__Action item__: Set down every entry word for word. Omit the pictures.

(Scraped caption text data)

▶

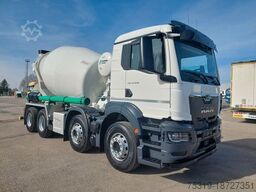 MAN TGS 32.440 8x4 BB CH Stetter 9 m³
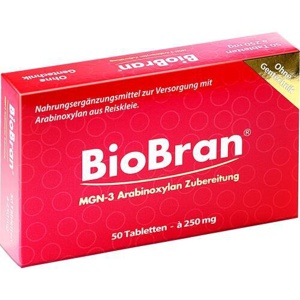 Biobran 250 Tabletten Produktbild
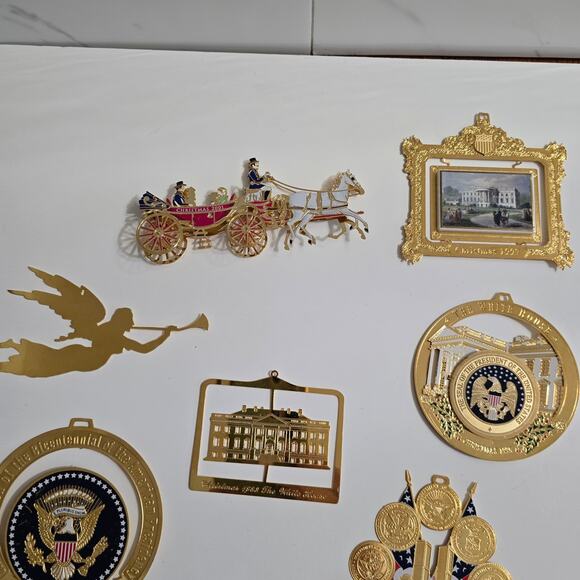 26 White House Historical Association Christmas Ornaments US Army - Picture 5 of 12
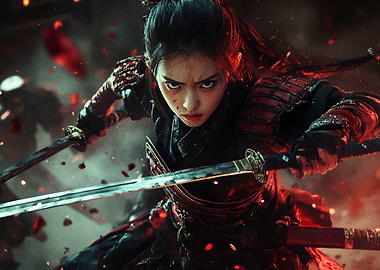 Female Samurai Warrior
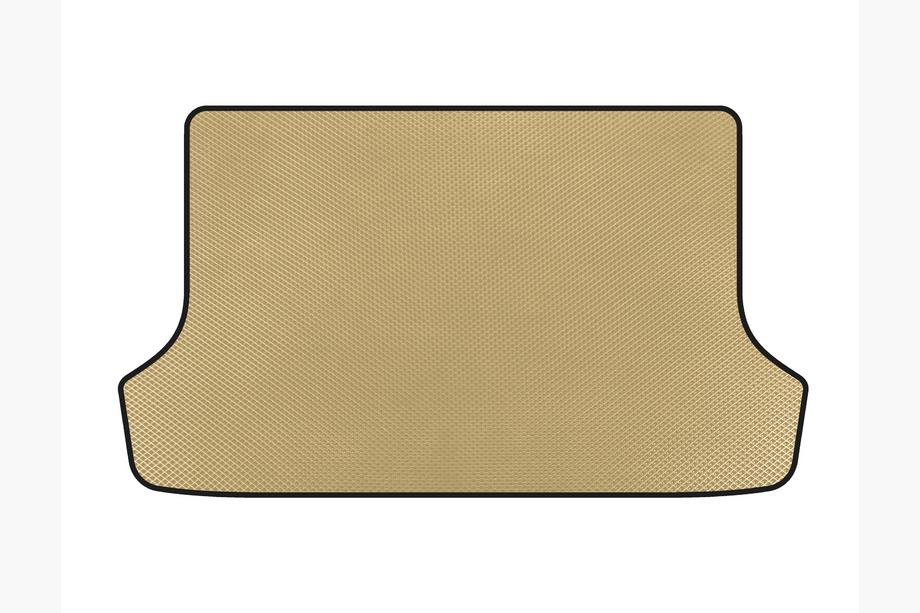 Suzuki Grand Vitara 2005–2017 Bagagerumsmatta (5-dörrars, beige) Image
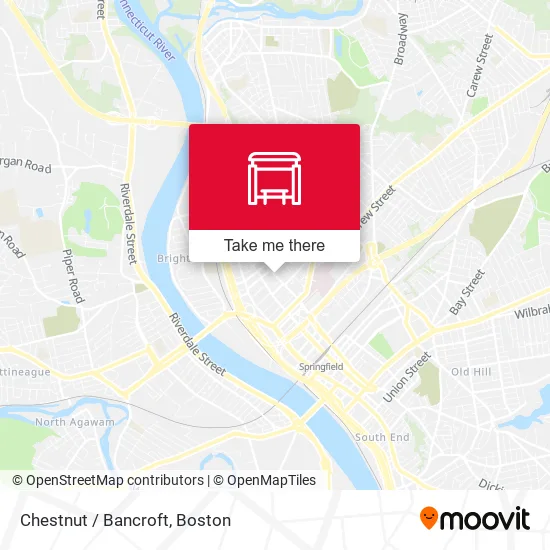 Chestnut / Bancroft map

◀

__Solution below__:
 MAN TGS 32.440 8x4 BB CH Stetter 9 m³
 Biobran 250 Tabletten Produktbild
 26 White House Historical Association Christmas Ornaments US Army - Picture 5 of 12
 Female Samurai Warrior
 Suzuki Grand Vitara 2005–2017 Bagagerumsmatta (5-dörrars, beige) Image
 Chestnut / Bancroft map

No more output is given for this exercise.